New restrictive voting bills introduced in Arizona this year include provisions to limit the availability of mail ballot drop boxes, tighten voter ID rules, and expand potentially faulty voter purge practices. The election interference bills range from extreme proposals to allow the legislature to directly overturn election results to more subtle attempts to subvert the electoral process by imposing criminal penalties against election officials for minor mistakes such as failing to update their computer passwords. In addition to legislation, Arizona lawmakers also put a resolution on the ballot this fall that could disenfranchise thousands of voters by instituting a mail ballot identification number requirement similar to the flawed system recently enacted in Texas.

The centerpiece of Arizona’s attack on voting rights so far is House Bill 2492, one of the only restrictive laws enacted in the country so far this year. Previously, Arizona law required voters to produce documentary proof of citizenship to register to vote in state elections. H.B. 2492 expands this requirement to cover presidential elections and also requires proof of citizenship to be eligible to vote by mail. Local advocates have estimated that the bill could kick up to 192,000 Arizonans off the state voter rolls, and documentary proof of citizenship laws historically have had a discriminatory effect on communities of color.

Further, H.B. 2492 could be an attempt to push the Supreme Court to further erode voting rights.
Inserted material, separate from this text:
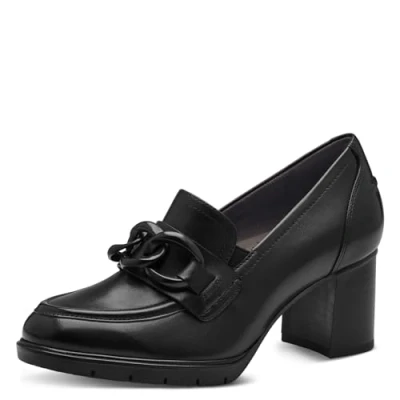 Abbildung von Tamaris Comfort Trotteur Plateaupumps, Damen, Größe: 36, Black nappa Schuhe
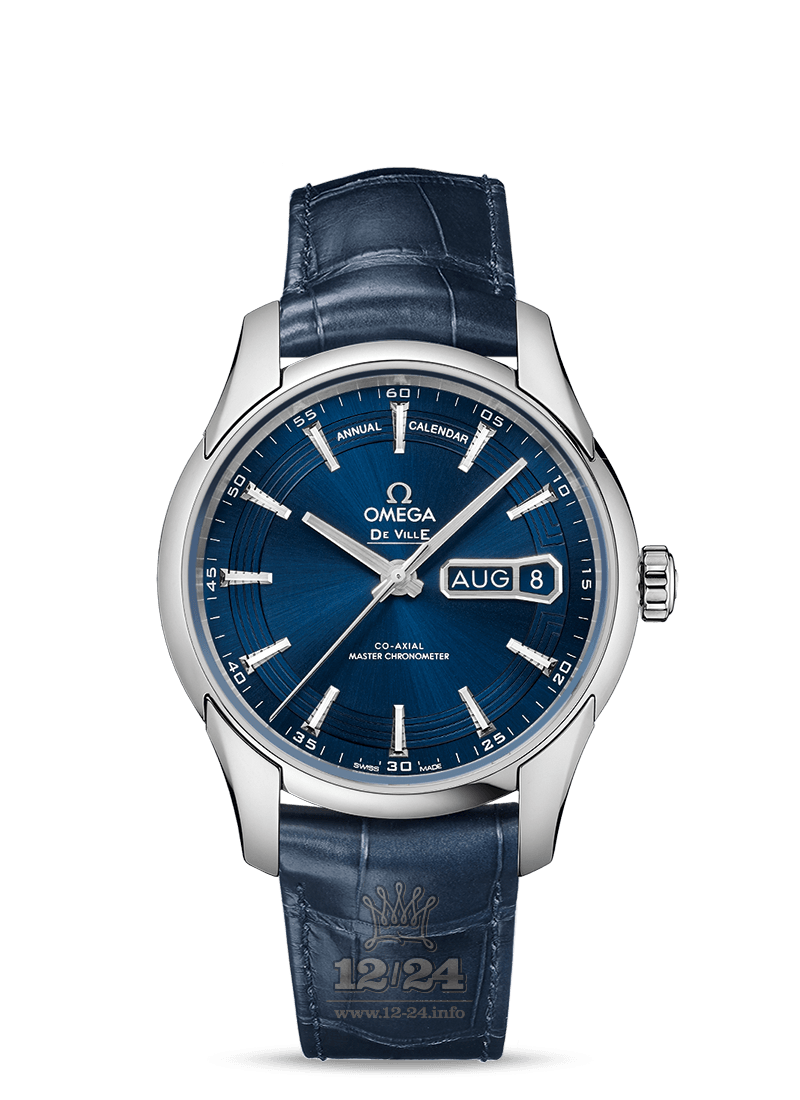 Omega Hour Vision Watch 433.33.41.22.03.001 41 mm Stainless steel Case Dark blue Dial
The Court recently held that Arizona’s previous attempt to require documentary proof of citizenship for federal voter registration violated the National Voter Registration Act. This new law seems designed as an invitation to the Court to reconsider that ruling. 

Since the 2020 election, Arizona lawmakers have shown a consistent interest in using false claims about voter fraud as the raw material for justifying new restrictive voting laws.

In many ways, these lawmakers have put Arizona at the center of the fight to make voting harder — but it’s also at the center of the fight to defend voting rights. There are already multiple lawsuits challenging H.B. 2492, and Arizona voters may also have a chance to voice their opposition to these restrictions by voting for a potential ballot initiative that will expand voter access in the fall. This year may prove to be a pivotal moment in the trajectory of Arizona’s democracy — not to mention America’s.